From the first line to the last, transcribe the data exactly and skip the pictures.

▶ EXERCISE DATA
━━━

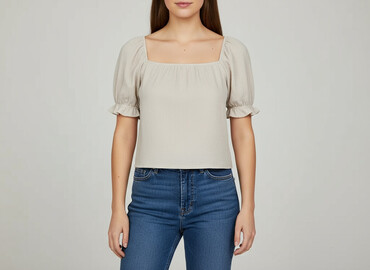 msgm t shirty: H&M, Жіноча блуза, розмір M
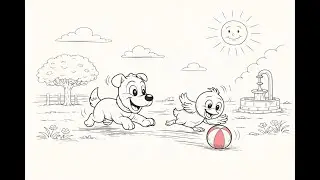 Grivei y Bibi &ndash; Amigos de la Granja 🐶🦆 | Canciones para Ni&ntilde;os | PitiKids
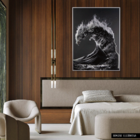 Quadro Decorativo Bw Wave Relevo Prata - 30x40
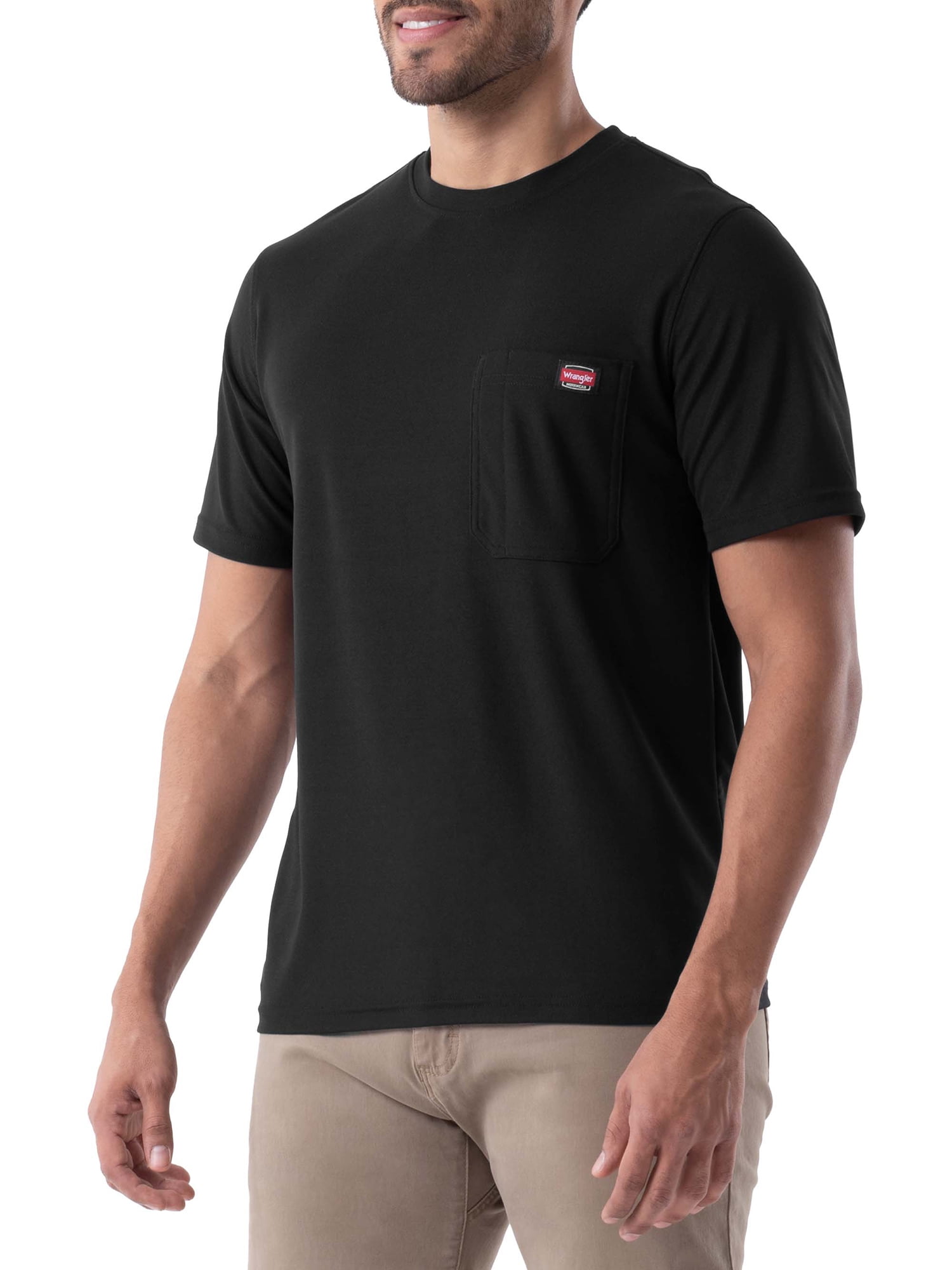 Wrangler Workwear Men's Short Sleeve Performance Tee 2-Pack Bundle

━━━

▶ OUTPUT OF THE EXERCISE
 msgm t shirty: H&M, Жіноча блуза, розмір M
 Grivei y Bibi &ndash; Amigos de la Granja 🐶🦆 | Canciones para Ni&ntilde;os | PitiKids
 Quadro Decorativo Bw Wave Relevo Prata - 30x40
 Wrangler Workwear Men's Short Sleeve Performance Tee 2-Pack Bundle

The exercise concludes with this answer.